O que faço, agora, é repassar o que me foi contado dentro do "círculo de ferro" do DOI - CODI, por fonte (preso político) que, não me parece, tenha estado sob qualquer suspeita da esquerda revolucionária.

O fato: o que restou de EMMANUEL foi localizado em cemitério clandestino situado a quase 4 mil kms de Recife - PE. Em princípio me causou, no mínimo, estranheza. "Alguém terá mentido?" A reflexão foi necessária e responsável para o que, hoje, me parece óbvio, em termos de conclusão: EMMANUEL era dirigente de uma Organização com profundas raízes (políticos, sociais e ideológicas) Nordestinas.
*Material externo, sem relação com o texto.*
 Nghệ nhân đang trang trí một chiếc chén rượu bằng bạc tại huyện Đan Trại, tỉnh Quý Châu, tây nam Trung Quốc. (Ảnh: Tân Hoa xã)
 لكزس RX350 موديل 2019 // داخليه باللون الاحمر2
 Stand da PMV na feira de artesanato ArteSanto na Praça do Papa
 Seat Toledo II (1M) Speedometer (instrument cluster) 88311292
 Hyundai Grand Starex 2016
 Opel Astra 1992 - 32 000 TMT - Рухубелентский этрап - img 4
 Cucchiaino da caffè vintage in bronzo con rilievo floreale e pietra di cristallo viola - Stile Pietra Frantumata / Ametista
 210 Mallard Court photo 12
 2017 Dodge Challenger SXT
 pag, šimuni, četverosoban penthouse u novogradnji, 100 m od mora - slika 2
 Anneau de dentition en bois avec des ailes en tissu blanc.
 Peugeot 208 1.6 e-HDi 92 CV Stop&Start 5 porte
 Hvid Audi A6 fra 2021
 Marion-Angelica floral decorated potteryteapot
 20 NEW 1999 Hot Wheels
O grande aparato repressor não poderia facilitar e atuou de forma profissional: translada-se o corpo para uma região, literal e geograficamente distante e distinta (em termos de valores), e ter-se-á eliminado ou embaralhado pistas. Uma questão de segurança, de acordo com a ótica da "comunidade de informação e repressão" então vigente. Infra - estrutura eles sempre tiveram para atingir os objetivos desejados. Até hoje.

De qualquer maneira, o que sabemos (e sentimos) é que EMMANUEL BEZERRA foi assassinado brutalmente por um SISTEMA cruel e desumano.

EMMANUEL BEZERRA morreu como um paladino e paradigma da liberdade do povo brasileiro. Por isso - e para revolta embutida pelos seus assassinos - ele permanece vivo.